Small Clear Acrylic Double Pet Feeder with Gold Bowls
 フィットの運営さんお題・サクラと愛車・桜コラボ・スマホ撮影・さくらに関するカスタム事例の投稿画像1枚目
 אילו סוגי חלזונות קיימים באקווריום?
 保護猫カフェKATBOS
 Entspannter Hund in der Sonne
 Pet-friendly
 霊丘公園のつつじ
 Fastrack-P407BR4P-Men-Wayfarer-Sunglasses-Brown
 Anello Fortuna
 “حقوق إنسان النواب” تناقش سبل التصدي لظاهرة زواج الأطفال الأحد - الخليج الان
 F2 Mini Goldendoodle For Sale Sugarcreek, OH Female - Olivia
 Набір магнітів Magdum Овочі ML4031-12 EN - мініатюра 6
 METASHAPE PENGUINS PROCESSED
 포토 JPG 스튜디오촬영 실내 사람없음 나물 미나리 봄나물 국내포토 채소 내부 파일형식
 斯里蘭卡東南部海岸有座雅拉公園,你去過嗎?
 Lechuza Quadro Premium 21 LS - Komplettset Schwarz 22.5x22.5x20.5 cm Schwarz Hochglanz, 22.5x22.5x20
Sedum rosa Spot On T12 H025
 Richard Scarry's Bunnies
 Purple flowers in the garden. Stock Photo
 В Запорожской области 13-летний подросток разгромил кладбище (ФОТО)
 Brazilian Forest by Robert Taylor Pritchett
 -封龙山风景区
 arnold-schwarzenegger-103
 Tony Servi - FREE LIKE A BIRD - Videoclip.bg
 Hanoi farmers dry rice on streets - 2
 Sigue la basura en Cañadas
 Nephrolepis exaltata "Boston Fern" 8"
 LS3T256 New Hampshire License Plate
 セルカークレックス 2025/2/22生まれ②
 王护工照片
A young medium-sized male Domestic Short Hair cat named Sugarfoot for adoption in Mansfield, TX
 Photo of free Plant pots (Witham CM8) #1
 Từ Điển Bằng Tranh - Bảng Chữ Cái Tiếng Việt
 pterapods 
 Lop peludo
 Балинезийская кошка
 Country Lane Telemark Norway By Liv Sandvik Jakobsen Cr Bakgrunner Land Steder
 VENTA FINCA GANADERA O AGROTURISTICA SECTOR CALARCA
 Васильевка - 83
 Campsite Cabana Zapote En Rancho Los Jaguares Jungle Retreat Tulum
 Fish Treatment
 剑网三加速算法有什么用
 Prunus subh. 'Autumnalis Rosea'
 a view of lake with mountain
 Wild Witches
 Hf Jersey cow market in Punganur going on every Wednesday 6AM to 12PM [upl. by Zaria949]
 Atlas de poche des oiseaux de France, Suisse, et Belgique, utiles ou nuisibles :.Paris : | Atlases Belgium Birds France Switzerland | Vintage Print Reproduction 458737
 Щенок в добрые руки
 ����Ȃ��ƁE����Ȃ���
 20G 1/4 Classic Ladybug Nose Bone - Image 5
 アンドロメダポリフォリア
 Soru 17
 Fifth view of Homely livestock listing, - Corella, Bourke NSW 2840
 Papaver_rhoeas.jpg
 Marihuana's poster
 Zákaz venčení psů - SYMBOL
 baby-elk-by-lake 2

● **Exercise directions**
Give the data again, exactly.

● **Response area**
Small Clear Acrylic Double Pet Feeder with Gold Bowls
 フィットの運営さんお題・サクラと愛車・桜コラボ・スマホ撮影・さくらに関するカスタム事例の投稿画像1枚目
 אילו סוגי חלזונות קיימים באקווריום?
 保護猫カフェKATBOS
 Entspannter Hund in der Sonne
 Pet-friendly
 霊丘公園のつつじ
 Fastrack-P407BR4P-Men-Wayfarer-Sunglasses-Brown
 Anello Fortuna
 “حقوق إنسان النواب” تناقش سبل التصدي لظاهرة زواج الأطفال الأحد - الخليج الان
 F2 Mini Goldendoodle For Sale Sugarcreek, OH Female - Olivia
 Набір магнітів Magdum Овочі ML4031-12 EN - мініатюра 6
 METASHAPE PENGUINS PROCESSED
 포토 JPG 스튜디오촬영 실내 사람없음 나물 미나리 봄나물 국내포토 채소 내부 파일형식
 斯里蘭卡東南部海岸有座雅拉公園,你去過嗎?
 Lechuza Quadro Premium 21 LS - Komplettset Schwarz 22.5x22.5x20.5 cm Schwarz Hochglanz, 22.5x22.5x20
Sedum rosa Spot On T12 H025
 Richard Scarry's Bunnies
 Purple flowers in the garden. Stock Photo
 В Запорожской области 13-летний подросток разгромил кладбище (ФОТО)
 Brazilian Forest by Robert Taylor Pritchett
 -封龙山风景区
 arnold-schwarzenegger-103
 Tony Servi - FREE LIKE A BIRD - Videoclip.bg
 Hanoi farmers dry rice on streets - 2
 Sigue la basura en Cañadas
 Nephrolepis exaltata "Boston Fern" 8"
 LS3T256 New Hampshire License Plate
 セルカークレックス 2025/2/22生まれ②
 王护工照片
A young medium-sized male Domestic Short Hair cat named Sugarfoot for adoption in Mansfield, TX
 Photo of free Plant pots (Witham CM8) #1
 Từ Điển Bằng Tranh - Bảng Chữ Cái Tiếng Việt
 pterapods 
 Lop peludo
 Балинезийская кошка
 Country Lane Telemark Norway By Liv Sandvik Jakobsen Cr Bakgrunner Land Steder
 VENTA FINCA GANADERA O AGROTURISTICA SECTOR CALARCA
 Васильевка - 83
 Campsite Cabana Zapote En Rancho Los Jaguares Jungle Retreat Tulum
 Fish Treatment
 剑网三加速算法有什么用
 Prunus subh. 'Autumnalis Rosea'
 a view of lake with mountain
 Wild Witches
 Hf Jersey cow market in Punganur going on every Wednesday 6AM to 12PM [upl. by Zaria949]
 Atlas de poche des oiseaux de France, Suisse, et Belgique, utiles ou nuisibles :.Paris : | Atlases Belgium Birds France Switzerland | Vintage Print Reproduction 458737
 Щенок в добрые руки
 ����Ȃ��ƁE����Ȃ���
 20G 1/4 Classic Ladybug Nose Bone - Image 5
 アンドロメダポリフォリア
 Soru 17
 Fifth view of Homely livestock listing, - Corella, Bourke NSW 2840
 Papaver_rhoeas.jpg
 Marihuana's poster
 Zákaz venčení psů - SYMBOL
 baby-elk-by-lake 2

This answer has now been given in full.